E agora, em 2012, o presidente da Dassault diz que está comunicando ao mundo que ele crê ser o maior avanço depois do PLM. Qual é esse avanço? Bernard Charlès explica: “É o que chamo de Experiência 3D. O que é isso? Quem vê um gravador digital ou telefone celular como esses que você pôs sobre a mesa percebe logo se esses dispositivos são fáceis de usar ou não. Minha conclusão é que a coisa mais importante, essencial para quem projeta um produto, é verificar antes como ele será utilizado, qual será a reação do cliente ou usuário. É preciso buscar o máximo de conhecimento, de informações e de sugestões em todas as fontes”.

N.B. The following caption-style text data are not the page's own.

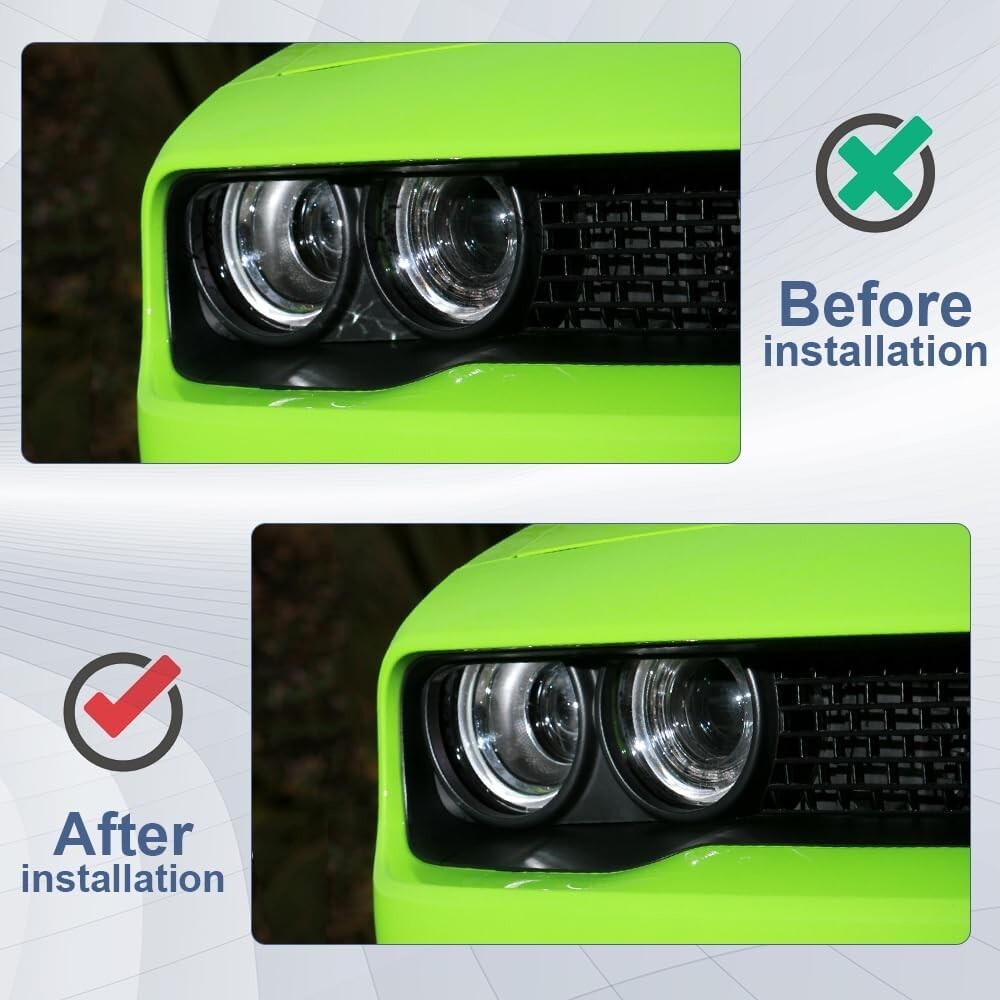 LH & Headlight Front RH Bezel Lamp Trim Cover Set For 2015-2021 Dodge Challenger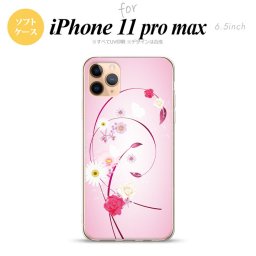 iPhone11ProMax iPhone11pro max スマホケース ソフトケース 花柄 ミックス A ピンク メンズ レディース nk-i11pm-tp273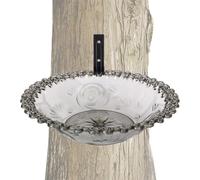 Bird Bath Outside, 9.25x9.25in Wall Mounted Basin, Transparent Hangable Water Feeder, Flower-Shaped Outdoor Statue for Hummingbird, Parrot, Parakeet, Garden Decor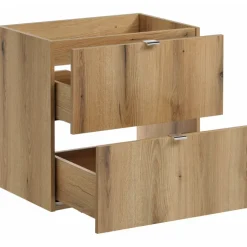 Mobile bagno sospeso 60cm 2 cassetti rovere nero Rovery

O novo caminho da Experiência 3D contempla, é claro, todo o potencial da computação em nuvem, pois, na visão da Dassault, “a nuvem representa exatamente o que as pessoas querem, isto é, conectar-se ao imenso repositório de inteligência da internet”.
Para prever praticamente tudo que o usuário quer e como ele deverá reagir diante de um novo produto, é preciso usar até a realidade virtual, inclusive conectar o máximo de pessoas, para prevermos o resultado dessa Experiência 3D.
Hoje, na Ford, Alan Mulally usa intensamente softwares de projeto para criar não apenas os novos modelos da empresa, mas também os mais sofisticados carros-conceito e carros do futuro, como mostrou em sua palestra, como keynote speaker no Consumer Electronics Show 2012, em janeiro, em Las Vegas.
A cooperação entre a Dassault e a Boeing foi uma experiência decisiva para mostrar a necessidade de mockups digitais, não apenas na indústria aeroespacial, mas também no setor automotivo e outros.